* [SOURCE DATA]
* * * * *

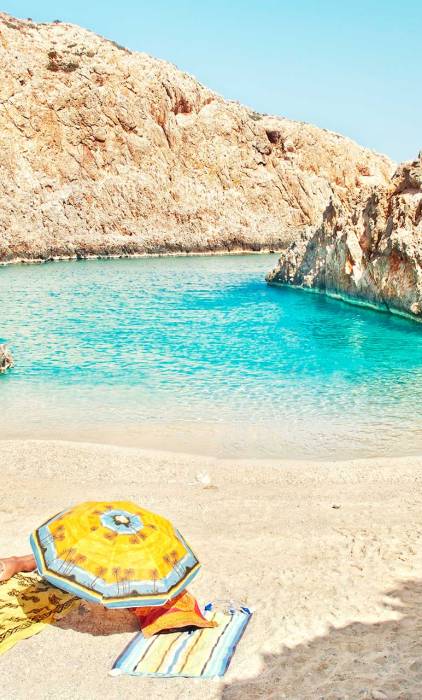 A woman sits on a towel below her umbrella in Seitan Limania Beach.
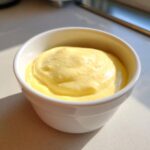 A close-up of thick, creamy, yellow hollandaise sauce served in a small white bowl.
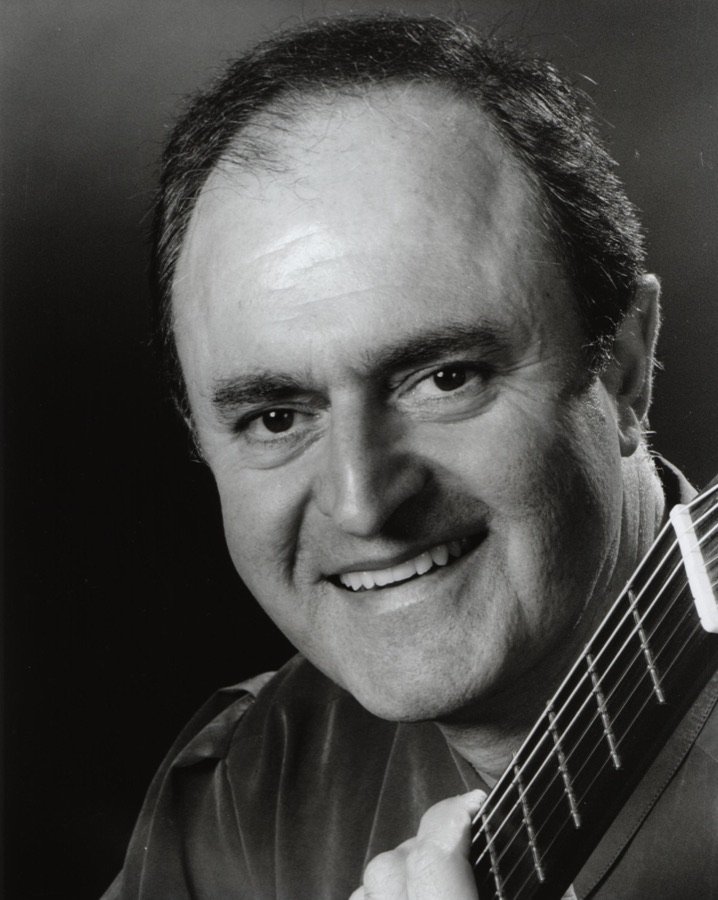 Black and white portrait of Julian Byzantine smiling, with his guitar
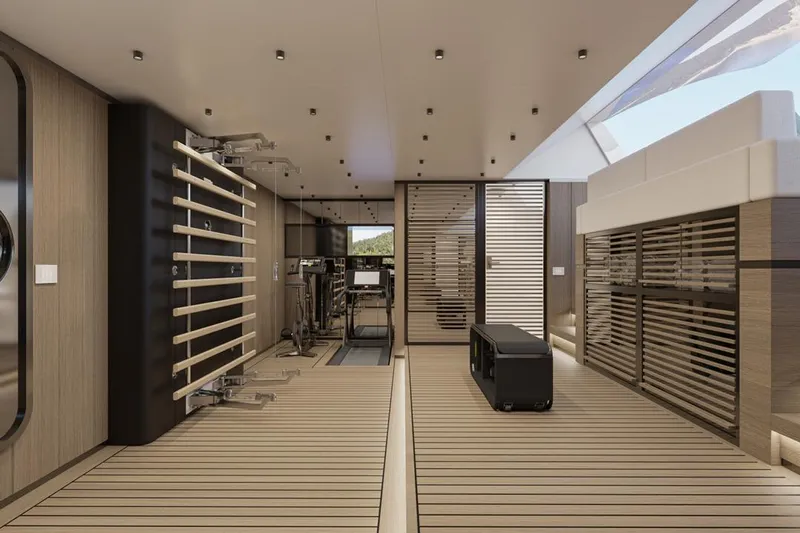 Stella Azura Yacht Photos Pics Luxurious interior of 2026 Falcon Yachts 45, featuring modern design and fitness equipment.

* * * * *

Pictures must be left out. Return verbatim only the lines from the line with "Black and white" through the final line of the material above, including both ends.

* [YOUR RESPONSE]
 Black and white portrait of Julian Byzantine smiling, with his guitar
 Stella Azura Yacht Photos Pics Luxurious interior of 2026 Falcon Yachts 45, featuring modern design and fitness equipment.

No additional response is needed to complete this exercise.